It’s vital that we, as storytellers, understand what ALL our characters (major and minor) want and need. If you have a cast of passionate characters, passionate about willy-nilly things, a story can get befuddling and difficult. Unless their passion circles the same topic the story wanders off in too many directions and then a reader gets lost.
For example, I recently read a manuscript wherein one character was passionate about rebuilding old cars, another passionate about remodeling kitchens, and a third passionate about going to day spas. Okay, interesting. Unfortunately these three passions never intersected in the story. I suggested to the writer that if all three could meet as a result of vintage cars, remodeling, or at a day spa, then they could bond over that single shared passion, the crime could have something to do with that, and so on. But instead the reader was sent in three different directions, down three separate roads only to wonder why and then quickly get tired of the story.

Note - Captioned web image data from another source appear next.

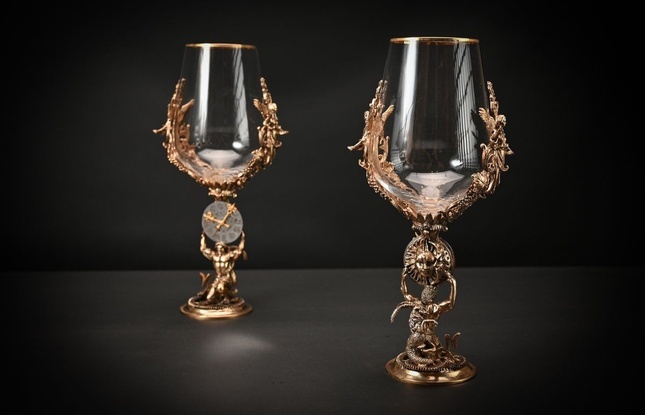 Бокал для вина "Гороскоп Козерог"  2 шт.  в подарочном футляре с художественным оформлением  430 мл - фото №4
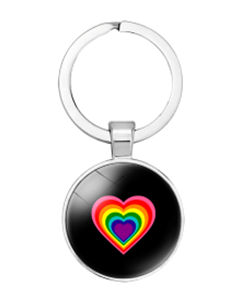 Gay Pride Heart Keyring LGBTQ+ Keyrings and Accessories.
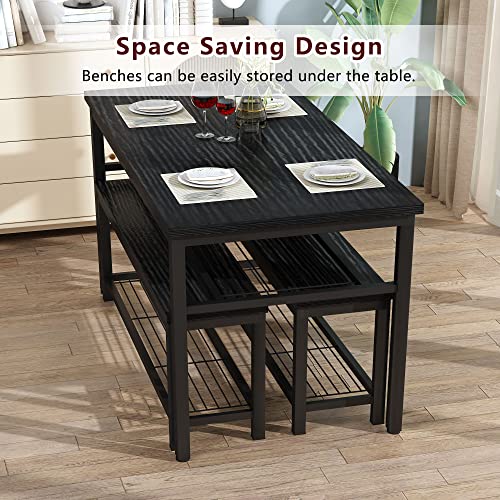 AWQM 43.3 Dining Table Set for 4 with 2 Benches and Storage Rack, Black Metal Frame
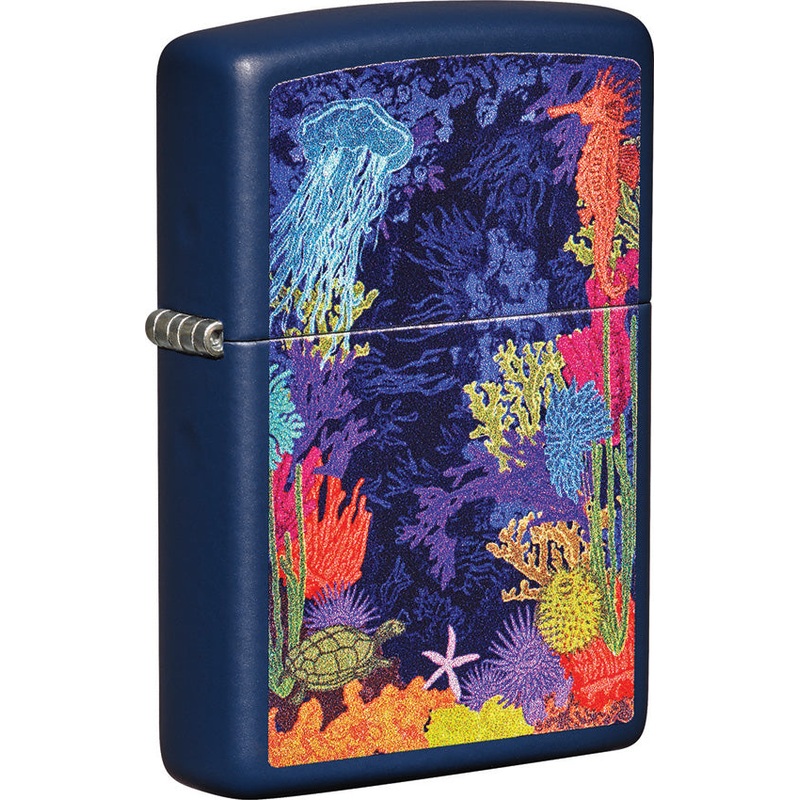 Zippo Sea Life Design Navy Matte 2.25" Pocket Lighter Windproof 19871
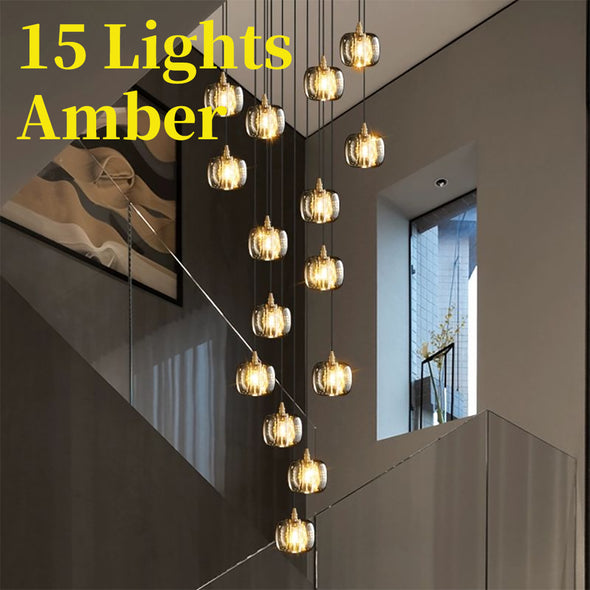Modern Crystal Glass Globe Chandelier Adjustable Multi Light Hanging Pendant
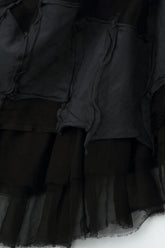 Patch Décor Black Silk Chiffon Skirt 6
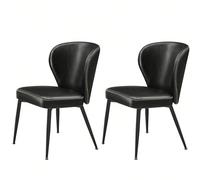 Collection - Chaise de Salle à Manger, Lot de 2, Chaise de Cuisine Tapissée, PU avec Coutures, Moderne Mi-siècle, Salon, Salle de Réception, Restaurant, Noir d'encre [Un style qui parle] Ces chaises d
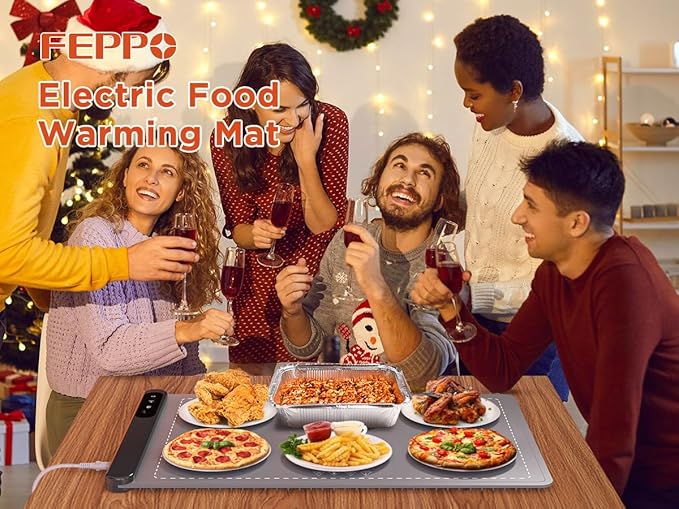 FEPPO Food Warming Mat, Upgrade High-tech Heating System, Fast Full Surface Electric Warming Tray with 6 Level Adjustable Temperature and 6 Hours Timer, Roll Up Food Warmers for Parties Buffet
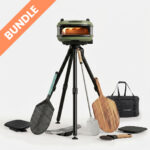 Gozney Tread Olive Gran Maestro Premium Set Bundle – Mobiler Pizzaofen auf Dreibein-Stativ mit Holzpeeler, Pizzaschieber, Pizzaschneider, Backstein und Tragetasche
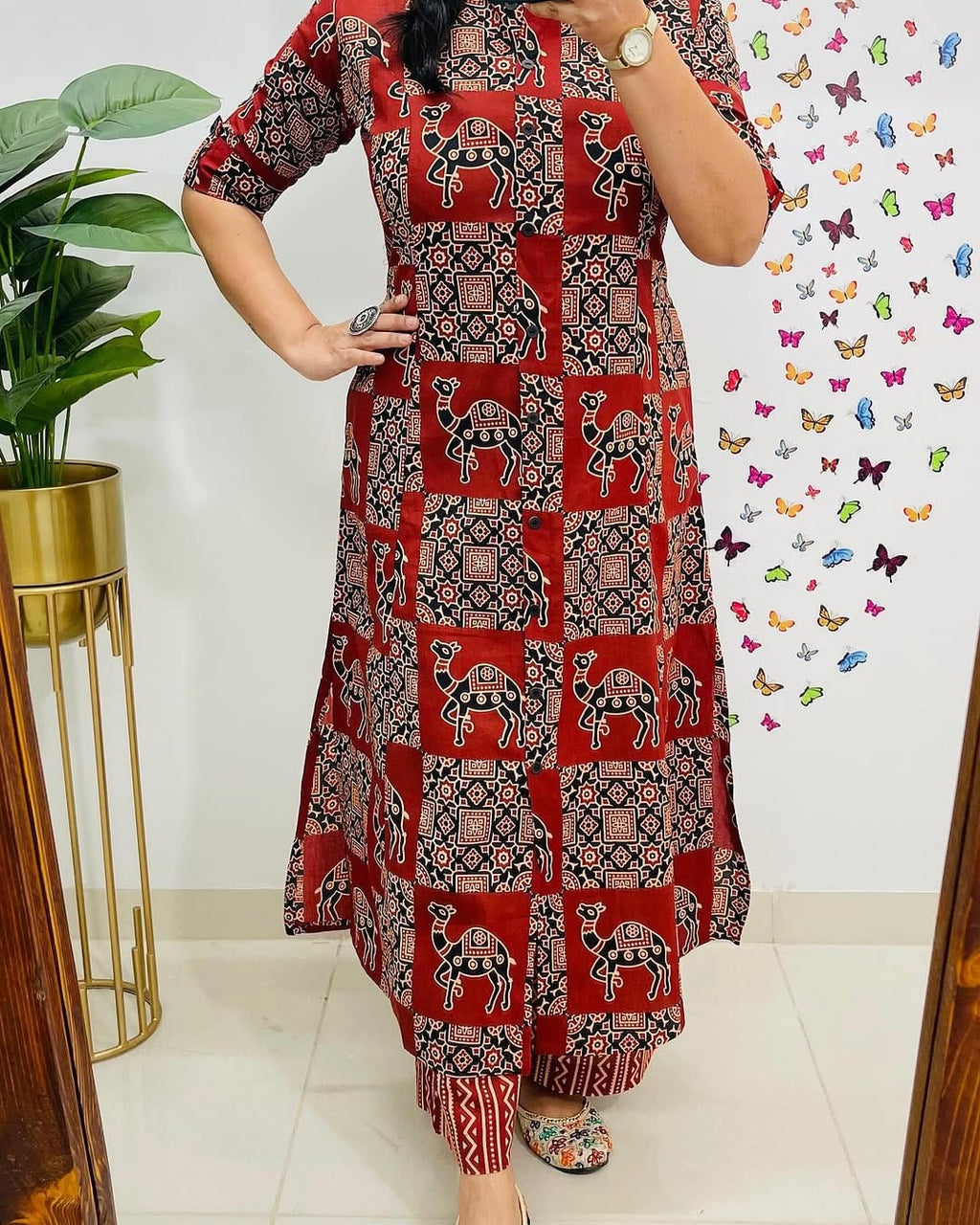 Red Floral Cotton Kurti Palazzo Set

When I realized that the cast of characters in my upcoming novel, all of whom are holocaust survivors, all had the same needs (safety, community, nourishment, etc.) I had to write them with conflicting wants or the story would be boring (remember, wants and needs are VERY different) – some want to remember while others will do anything to forget. Some seek justice while others have lost hope in the jurisdiction of this world. Some seek the truth while others see only lies – and so on. These conflicting desires surrounding the same topic (the holocaust/concentration camp survival) create conflict no matter what else is happening. That tension filled topic is at the core of my story and keeps the spokes of my story-wheel spinning all in the same direction.
So remember, know the wants and needs of your characters and ALWAYS create conflict on every page.